Java's Project Loom introduced virtual threads as a groundbreaking feature in Java 21, promising to revolutionize how we write concurrent applications. While virtual threads make high-throughput concurrent programming dramatically simpler, achieving optimal performance requires understanding their characteristics and applying appropriate tuning strategies. This article explores practical performance tuning techniques for virtual threads in Java.
Virtual Threads: A Quick Recap
Virtual threads are lightweight threads managed by the Java runtime rather than the operating system. Unlike platform threads, you can have millions of virtual threads simultaneously without overwhelming the system.
Key Characteristics:
- Lightweight: Minimal memory footprint (~2KB vs ~1MB for platform threads)
- Managed by JVM: Scheduled on carrier threads (platform threads)
- Blocking-Friendly: Cheap to block, enabling simple synchronous code
- Scalable: Designed for massive concurrency
Performance Tuning Strategies
1. Configure Carrier Thread Pool Size
Virtual threads run on carrier threads from the ForkJoinPool. The default size is the number of available processors, which may not be optimal for I/O-heavy workloads.

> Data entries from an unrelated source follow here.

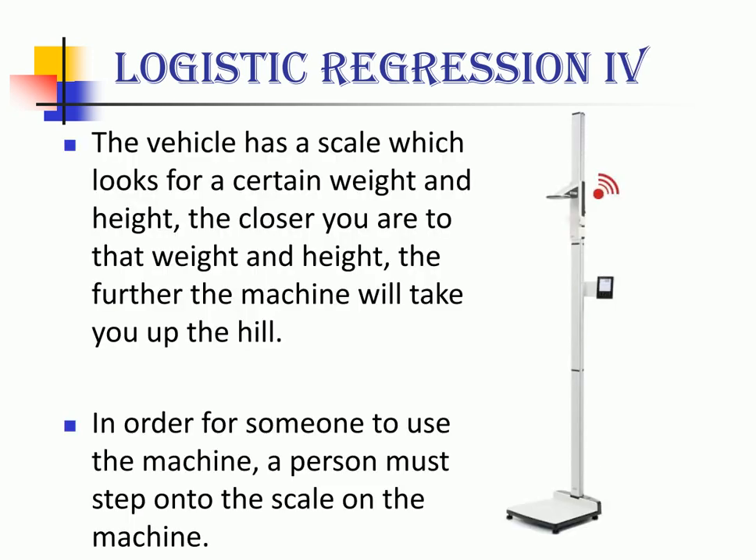In order for someone to use the machine, a person must step onto the scale and the machine would calculate his height and weight. If the special machine takes someone at least 50% of the hill's height, then you can easily say that you have climbed the hill, which is the positive class, and they are classified as having completed the challenge.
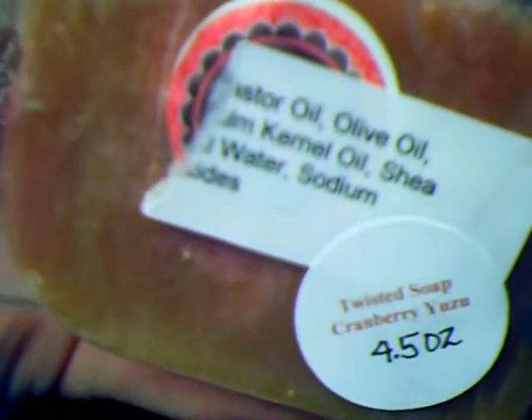The next thing I got was the Twisted Cranberry Yuzu soap, and that's 4.5 ounces. I already kind of busted through it — I had to smell this every time I could, I just couldn't wait. This one smells really good — I would say a mixture between cranberry, sweet juice like fruit punch, and very refreshing. It's the kind of soap that would wake you up in the morning for sure.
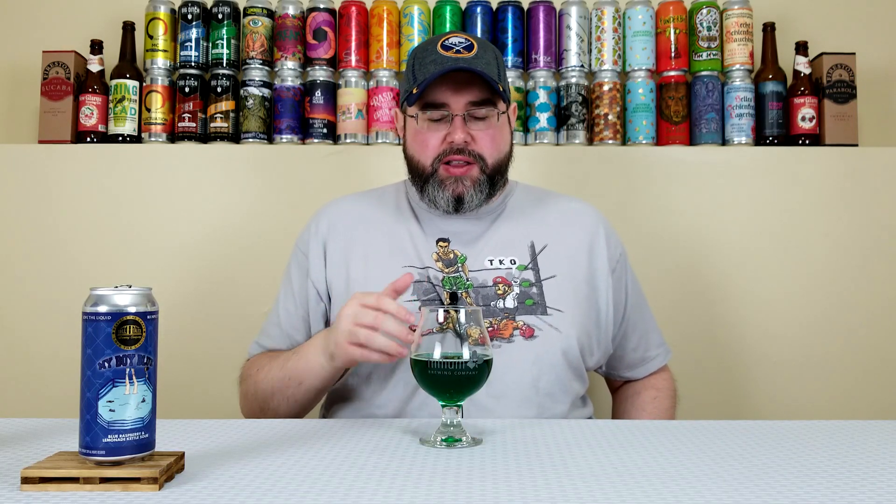I appreciate you sending this one my way, and thanks to everybody stopping by for another beer review. If you've had this one before, or any beer with food coloring or blue raspberry flavoring, let me know what you think. To me this is drinking like a carbonated Kool-Aid with lemon juice and blue raspberry flavoring — and I'm fine with that. Appreciate everybody signing by, until the next one. Cheers.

public class CarrierThreadTuning {
public static void main(String[] args) {
// System property to configure carrier thread count
System.setProperty("jdk.virtualThreadScheduler.parallelism", "64");
System.setProperty("jdk.virtualThreadScheduler.maxPoolSize", "256");
// Or create custom executor
ExecutorService customExecutor = Executors.newThreadPerTaskExecutor(
Thread.ofVirtual()
.scheduler(new ForkJoinPool(128)) // Custom scheduler
.factory()
);
try (var executor = customExecutor) {
for (int i = 0; i < 10_000; i++) {
executor.submit(() -> {
// Task execution
performIOOperation();
});
}
}
}
static void performIOOperation() {
try {
Thread.sleep(Duration.ofMillis(100)); // Simulate I/O
} catch (InterruptedException e) {
Thread.currentThread().interrupt();
}
}
}
Tuning Guidelines:
- I/O-heavy workloads: Set parallelism to 2-4x CPU cores
- CPU-heavy workloads: Keep near CPU core count
- Mixed workloads: Start with 2x CPU cores and benchmark
2. Avoid Thread Local Abuse
ThreadLocals can cause memory leaks and performance issues with virtual threads due to their large numbers.

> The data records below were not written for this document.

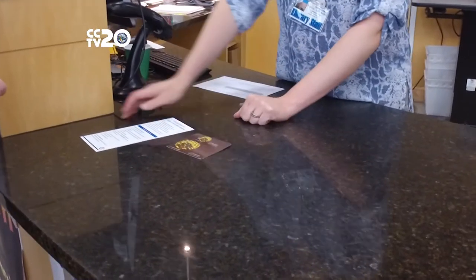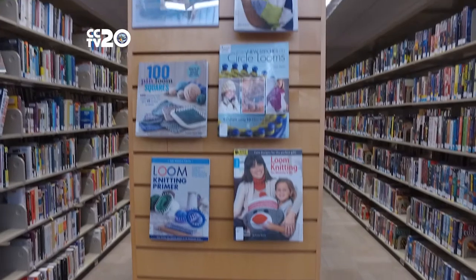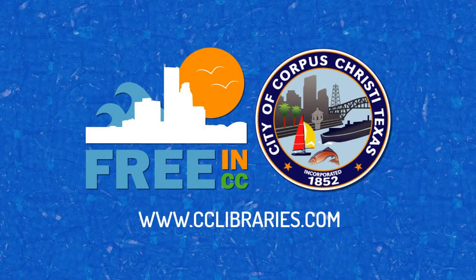Sign up for your free library card if you're a resident and you'll be able to use all the library's features. For more information, visit us at www.cclibraries.com.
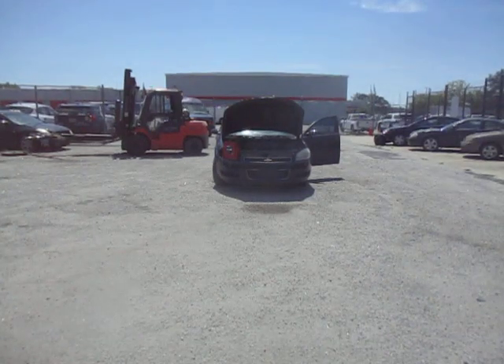Marty, today we're showcasing a 2009 Chevy Impala with a 3.9 liter engine. Mileage on this vehicle is 175,466. Battery is dead, needs a jump box to start.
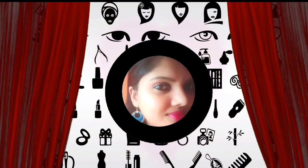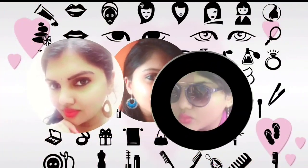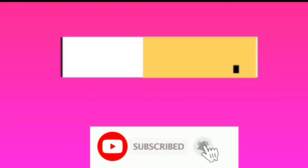Hi everyone, welcome back to my channel Super Mother Sandhya, this is Sandhya here. In this video today I will be talking about some of the things that we need to add to our beauty skin routine, and that is cleansing, toning and moisturizing.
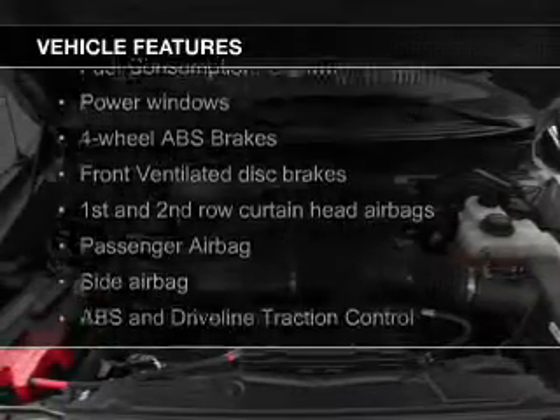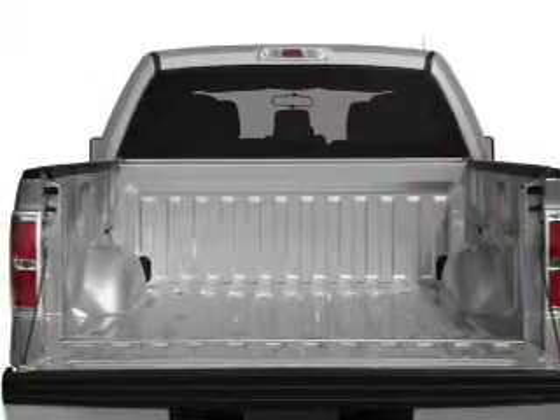The features include an alarm system, split rear seats, power windows, and power steering.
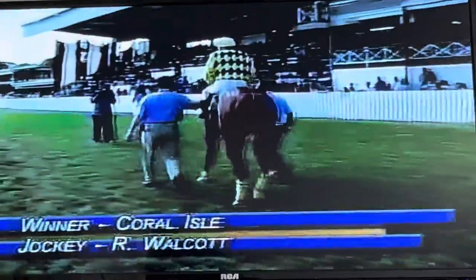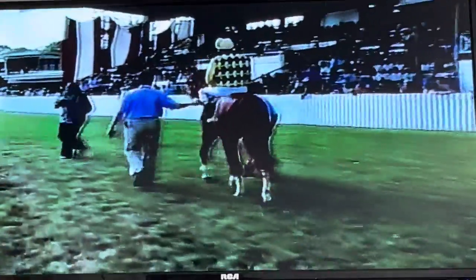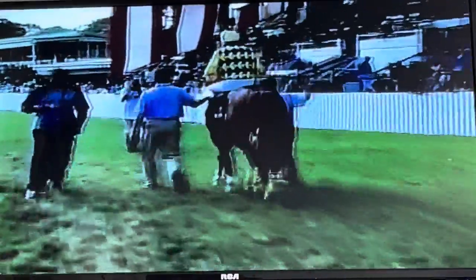Here's the Cove Bay handicap, the three-year-old West Indian race over 1100 metres. Mr. John Fonton's Coral Isle, ridden by Ricky Walker, giving him his second win today and trained by Chalindor Jones. This is a very improved filly.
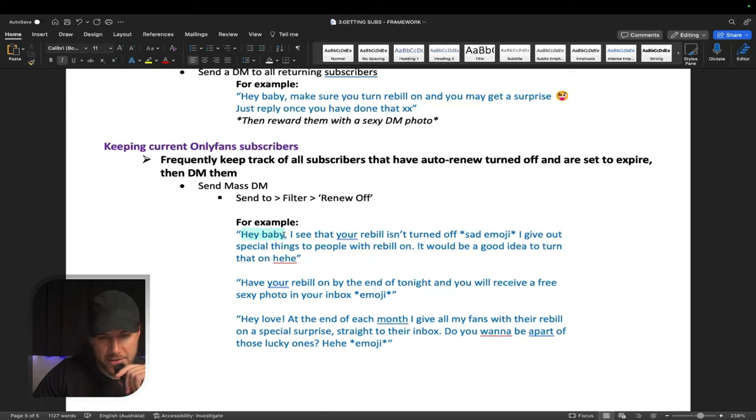And you'll send a message something like this: "Hey baby, I see that your rebill isn't turned on. Sad emoji. I give out special things to people with rebill on — it would be a good idea to turn that on." Another one: "Have your rebill turned on by the end of tonight and you'll receive a free sexy photo in your inbox." And another one: "Hey love, at the end of each month I give all my fans with rebill on a special surprise straight to the inbox. Do you want to be a part of those lucky ones?"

public class ThreadLocalOptimization {
// PROBLEMATIC: ThreadLocal with virtual threads
private static final ThreadLocal<SimpleDateFormat> DATE_FORMATTER =
ThreadLocal.withInitial(() -> new SimpleDateFormat("yyyy-MM-dd"));
// BETTER: Use immutable, thread-safe alternatives
private static final DateTimeFormatter SAFE_DATE_FORMATTER =
DateTimeFormatter.ofPattern("yyyy-MM-dd");
// ACCEPTABLE: Scoped ThreadLocal with careful cleanup
public void processRequest() {
var userContext = new UserContext();
try {
ScopedValue.where(USER_CONTEXT, userContext).run(() -> {
handleRequest();
});
} finally {
userContext.cleanup();
}
}
// PREFER: ScopedValue (Java 20+) for inheritable context
private static final ScopedValue<UserContext> USER_CONTEXT = ScopedValue.newInstance();
}
3. Optimize Synchronization and Pinning
Monitor operations (synchronized) can pin virtual threads to carrier threads, reducing throughput.
public class SynchronizationOptimization {
private final Object lock = new Object();
private int counter;
// PROBLEMATIC: Synchronized method with I/O
public synchronized String fetchData(String id) throws IOException {
// I/O operation while synchronized - causes pinning!

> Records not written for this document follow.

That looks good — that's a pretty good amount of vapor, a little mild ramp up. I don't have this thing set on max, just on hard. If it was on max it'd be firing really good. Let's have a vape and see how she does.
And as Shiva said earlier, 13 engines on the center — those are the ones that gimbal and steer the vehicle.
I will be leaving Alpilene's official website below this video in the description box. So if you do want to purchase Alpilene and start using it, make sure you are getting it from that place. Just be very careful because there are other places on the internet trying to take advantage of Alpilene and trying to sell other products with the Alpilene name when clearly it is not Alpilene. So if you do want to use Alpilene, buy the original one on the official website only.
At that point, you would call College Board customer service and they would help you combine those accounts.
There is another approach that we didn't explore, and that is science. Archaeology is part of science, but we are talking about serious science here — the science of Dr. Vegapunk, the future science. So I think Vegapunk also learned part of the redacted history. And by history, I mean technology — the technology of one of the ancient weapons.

String data = httpClient.send(buildRequest(id), BodyHandlers.ofString()).body();
return process(data);
}
// BETTER: Separate synchronization from I/O
public String fetchDataOptimized(String id) throws IOException {
String data = httpClient.send(buildRequest(id), BodyHandlers.ofString()).body();
// Synchronize only the minimal critical section
synchronized (lock) {
counter++;
return process(data);
}
}
// BEST: Use java.util.concurrent locks
private final ReentrantLock reentrantLock = new ReentrantLock();
public String fetchDataBest(String id) throws IOException {
String data = httpClient.send(buildRequest(id), BodyHandlers.ofString()).body();
reentrantLock.lock();
try {
counter++;
return process(data);
} finally {
reentrantLock.unlock();
}
}
// MONITOR: Detect pinning with JVM options
public static void main(String[] args) {
// Add JVM flags to detect pinning:
// -Djdk.tracePinnedThreads=full
// -Djdk.virtualThreadScheduler.maxPoolSize=1 (to make pinning obvious)
}
}
4. Batch and Buffer I/O Operations
While virtual threads handle I/O well, excessive small I/O operations can still be optimized.
public class IOBatching {
private final HttpClient httpClient = HttpClient.newHttpClient();
// SUBOPTIMAL: Many small sequential requests
public List<String> fetchUserDataSequential(List<String> userIds) {
return userIds.stream()
.map(id -> {
try {
return fetchUserData(id);
} catch (Exception e) {
throw new RuntimeException(e);
}
})
.toList();
}
// BETTER: Concurrent requests with virtual threads
public List<String> fetchUserDataConcurrent(List<String> userIds) {
try (var executor = Executors.newVirtualThreadPerTaskExecutor()) {
List<CompletableFuture<String>> futures = userIds.stream()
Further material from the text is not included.